We interviewed 201 physicians for this study. Table 2 indicates the socio-demographic and professional characteristics of the participating physicians. The mean age of the physicians was 48.5±11.2 years and 53.5% were female. About half of the physicians (48.7%) were born and graduated in Israel and most of them (67.2%) defined themselves as secular.
The participants were experienced physicians, with a mean of 18.7±12.2 years of work and 16.2±11.0 years as PCPs. Among the sample, 84.2% were board-certified physicians of whom 85.3% were board certified family physicians, mostly employed in HMO clinics.
Relating to the physicians’ own family, 39.1% had dependent elderly family members, and about 34% had been caregivers for severely ill elderly family members with a mean duration of 44.3±57.2 months of caregiving.
Most of the physicians always (47.8%) or often (35.8%) identified that the caregiver in families with a severely ill or disabled member was at high risk for morbidity or mortality and recommended they receive preventive care.
The physicians’ recommendations for preventive care for the caregivers included four elements. Most of the physicians recommended treatment for the caregiver often (39.8%), or always (26.0%), to prevent a decline in their health. Regular physical activity was recommended always (41.7%) or often (38.5%) together with good sleep habits. Physicians advocated that the caregiver seek regular help from a social worker or a psychologist (35.7%), or frequently (31.1%),
Many of the physicians (60.5%) stated that they invited caregivers for a follow-up visit on their own initiative. Moreover, regular clinic appointments for the caregiver were initiated by 56.6% of the doctors over the prior six months.
The association of the study indices with socio-demographic characteristics varied. Female physicians were more likely to recommend preventive care than males (p= 0.04). Israeli medical graduates were more aware of preventive care than those who studied abroad, but abroad medical graduates were more likely to recommend preventive care than those who studied in Israel (p= 0.005). Specialists were more liable to make recommendations for preventive care than non-specialists, and family doctors were more likely to do so than their colleagues (p= 0.001).
Physicians who experienced being caregivers themselves were more likely to recommend preventive care than those who were not (p= 0.03). There were no statistically significant differences in physicians’ awareness, recommendations for preventive care, and in the treatment follow-up related to religiosity or place of work. (Table 1).
We conducted a multivariate linear regression analysis to identify the unique contribution of the study variables to the explanation of physicians’ awareness of the risks of caregiving (Table 3). Since the variable “duration of caregiving” for a sick family member was significantly associated with risk awareness in the univariate analyses, and only one third of the study physicians answered this item, it was added to the multiple regression analysis as a dichotomous variable referring to whether the physician himself was a caregiver for a severely ill family member. The model for the regression analysis on physicians’ awareness was found to be significant (F[3,172]=6.65, P<0.000). Only two variables made a unique contribution to physicians’ awareness: Board certified family physicians and physicians who graduated medical schools in Israel were more aware of the risks of caregiving compared to the others. In total, these disparities explained a relatively low percentage (11%) of the variance of this dependent variable. Surprisingly, being a caregiver for a sick family member did not contribute significantly to physicians’ awareness of the risks of caregiving.
Table 4 shows the multivariate linear regression analysis to identify variables that explain physicians’ recommendations for preventive treatment. These variables were introduced into this analysis in two steps. In the first step, we entered the socio-demographic and professional variables (sex, country of medical school graduation, specialist/non-specialist, primary caregiver). Only variables that were significantly associated with the dependent variable in the univariate analysis were considered.
Board certification emerged significant. Country of medical school graduation was considered to be of statistical significance (F=0.13, P=0.08).

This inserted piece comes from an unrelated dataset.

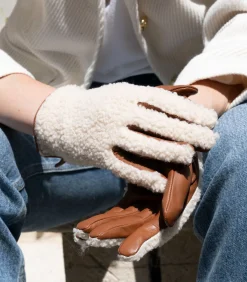 DAMES ISOTONER Handschoenen voor dames Warm leer Sherpa/Cognac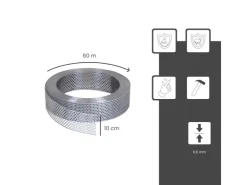 DAPRONA Vogelschutzgitter Lüftungsband 60m x 100mm Aluminium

In the second step, we added the variable “physician’s awareness of the risks of caregiving”. This variable explained another 8% of the variance of the dependent variable and was statistically significant (F[1,185]=17.6, P<0.000). Thus, physician’s awareness represents a substantial contribution to the 16.5% percentage of the stated variance. Three variables made a significant contribution: physician’s awareness of the risks of caregiving, country of medical school graduation and board certification (Table 4).
We did not conduct a multivariate analysis on “treatment & follow-up” because no independent variable was significantly associated with it in the univariate analysis.